CME: Lower Feedlot Cattle, Sow Slaughter Steady20 December 2012
US - Analysts expect USDA’s December Cattle on Feed report, due out on Friday afternoon, to continue to pattern of the past few months, indicating lower cattle numbers in the surveyed feedlots, write Steve Meyer and Len Steiner.
As has been the case with the last several reports, most attention is likley
to focus on the placement number given the U.S. pasture and range conditions and progressively smaller calf crops.
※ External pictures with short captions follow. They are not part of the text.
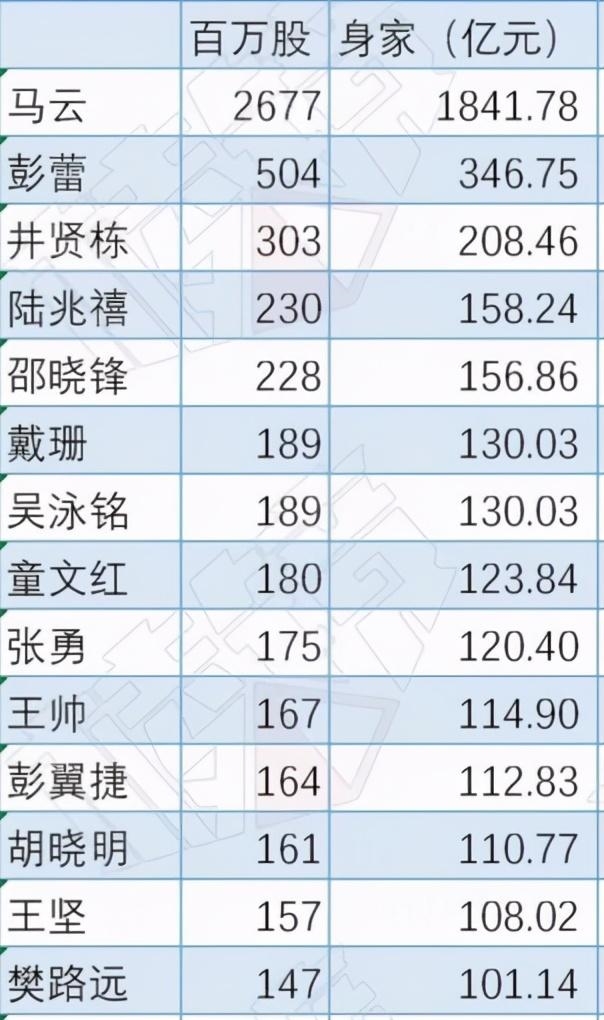 员工退订豪车豪宅、杭州房价连夜调降15%、蚂蚁资本盛宴散去，受益的居然是……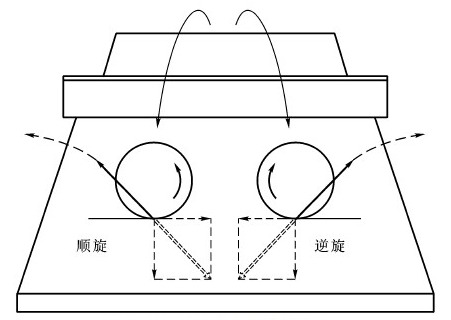 乒乓球基本动作分类(乒乓球的六种基本旋转和每种旋转的特点)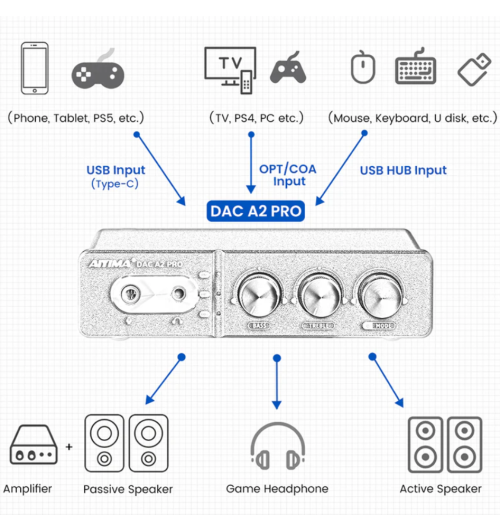 AIYIMA DAC-A2 PRO – wysokiej klasy przetwornik cyfrowo-analogowy dla wymagających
Relative to recent months,
analysts expect this month’s number to be closer to the 2012 level.
Should the analysts’ average prediction of 93.4 per cent of year-ago level be
true, it would imply the smallest year-on-year reduction in both actual
numbers and percentage since June.
For some time, we noted that this year’s numbers were being compared to unusually large numbers last year but it is important to note that last year’s placements in both October and November were VERY close to the 5-year average, meaning they, though large, were not unusually so.
Further, the range of the analysts’ estimates is not large — at least for this number, which sometimes sees widely divergent predictions — suggesting some degree of consensus for November placements. The estimate range implies placements of 1.7 to 1.8 million head.
Should the average estimate for year-on-year change in feedlot inventories (93.4 per cent) be true, the December 1 number will be 11.259 million head, the smallest December number since 2002. And, where placements got closer to year-ago levels October and are expected to do so again in November, the feedlot inventory is getting farther and farther from the levels of both last year and the 2006-2010 average.
The reason, of course, is that the inventory of cattle in these lots is the cumulative result of these smaller placemnts. It is important also to note that the first of those smaller placements versus one year earlier occurred in July and those cattle will not, for the most part, be in the slaughter mix until January or later. Bottom line: We still haven’t seen the impacts of these lower feedlot numbers in steer and heifer slaughter.
Look for a recap of the Cattle On Feed report in Monday’s DLR.
Where is the U.S. swine breeding herd headed? That is a
question on many minds as we approach the next quarterly Hogs and
Pigs report on December 28.
The 2012 drought and sharply higher feed costs had many expecting a significant liquidation last summer but the data certainly do not suggest a large shift and may not suggest much of a change at all relative to September 1 or next year.
Chicago-based analyst Kevin Bost, in his excellent weekly 'Meat Markets Under a Microscope' newsletter pointed out that sow slaughter as a percentage of the breeding herd was quite high in September, moderated in October, basically matching the five-year average for the month, but then fell to its lowest November level since 2008. “Wonder of wonders, this pattern coincided with the hog market’s price performance,” wrote Bost. And we heartily agree.
As cash hogs and Lean Hogs futures recovered from the “get them off feed” supply flood of August and September, producers’ outlook for the future improved — as well it should have with a number of 2013 months turning profitable and forecast losses getting as low as $1.54/head.
That figure has gotten less favorable in recent weeks but this is usually the worst of cash hog prices and as cash improves so will futures. Bost goes on to say he expects the breeding herd to be down 0.3 to 0.4% in the December report.
We think that is a pretty reasonable number at this point. USDA called Dec-Feb farrowings at 98.5 per cent of last year, a figure that Bost thinks looks reasonable. But will a Dec 1 herd only slightly smaller than last year result in farrowing reductions that large from March forward? That seems a stretch and, should litters continue to grow 1-2 per cent/year, there may be plenty of pigs next fall.